By making the heat-sensitive wire in the above manufacturing process, by providing the metal foil 4 vertically between the heat-sensitive layer 3 and the external electrode 5 immediately before wrapping the external electrode 5, the metal foil 4 is attached to the heat-sensitive layer 6. The temperature dependence of the impedance becomes large as shown in Fig. 2, that is, the B constant becomes large, and the temperature detection sensitivity can be improved.
In addition to making it possible to improve characteristics such as reducing the change in impedance over time and improving flexibility compared to conventional examples, the number of manufacturing steps is less than that of conventional examples, and because the metal foil 4 is wound vertically and sub-wise, it is possible to reduce the amount of force required. Since the metal foil 4 is not added to the metal foil 4, there is no need to cut it during the winding process, and the connection work can be performed every 2000 to 3000 m.
It can be manufactured at a lower cost and is expected to significantly improve work efficiency than conventional methods.

Effects of the Invention As described above, the heat-sensitive wire manufactured by the manufacturing method of the present invention has the following effects and has great industrial utility value.

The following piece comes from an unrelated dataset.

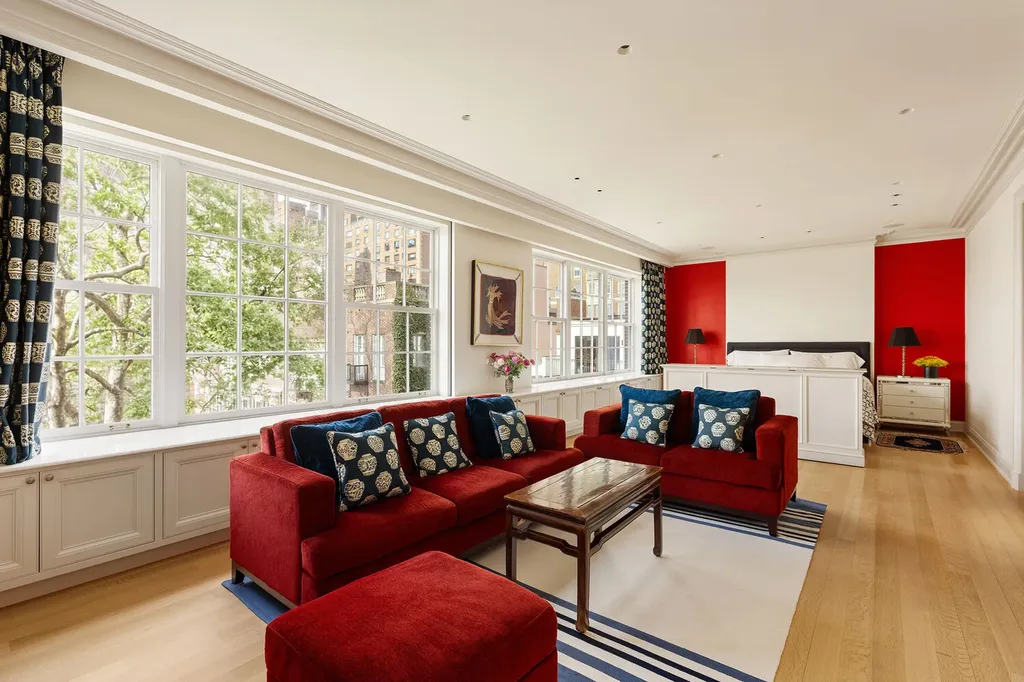 6 Sutton Square New York City NY 10022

(1) The thermal wire has high temperature detection sensitivity and changes in characteristics can be minimized, so it is highly reliable during long-term use.

(2) A heat-sensitive wire with excellent bending fatigue resistance can be obtained.

(3) It is possible to reduce the number of man-hours and improve workability, making it possible to reduce manufacturing costs.

[Brief explanation of the drawing]

FIG. 1 is a structural diagram of a heat-sensitive wire obtained by a method of manufacturing a heat-sensitive wire according to an embodiment of the present invention, and FIGS. 2 and 3 show impedances of an embodiment of the present invention and an embodiment of a conventional example, respectively. Temperature dependence characteristic diagram and impedance change characteristic diagram over time, 4th
The figure shows a structural diagram of a conventional heat-sensitive wire. 1... Core thread, 2... Internal electrode. 3...Thermosensitive layer, 4...Metal foil. 5... External electrode, 6... Insulating jacket.

Claims (1)

[Claims] A first step of spirally winding an internal electrode (2) around the outer periphery of a core yarn (1) of heat-resistant fiber to obtain a primary winding, and having a negative temperature coefficient around the outer periphery of the primary winding. Heat sensitive layer (3)
Immediately after wrapping a tape-shaped metal foil (4) vertically and vertically around the outer periphery of the heat-sensitive layer (3), an external electrode ( 5) in a spiral shape; and a fourth step of extruding and covering the outer periphery of the metal foil (4) and the external electrode (5) with an insulating jacket (6). A method of manufacturing a heat-sensitive wire.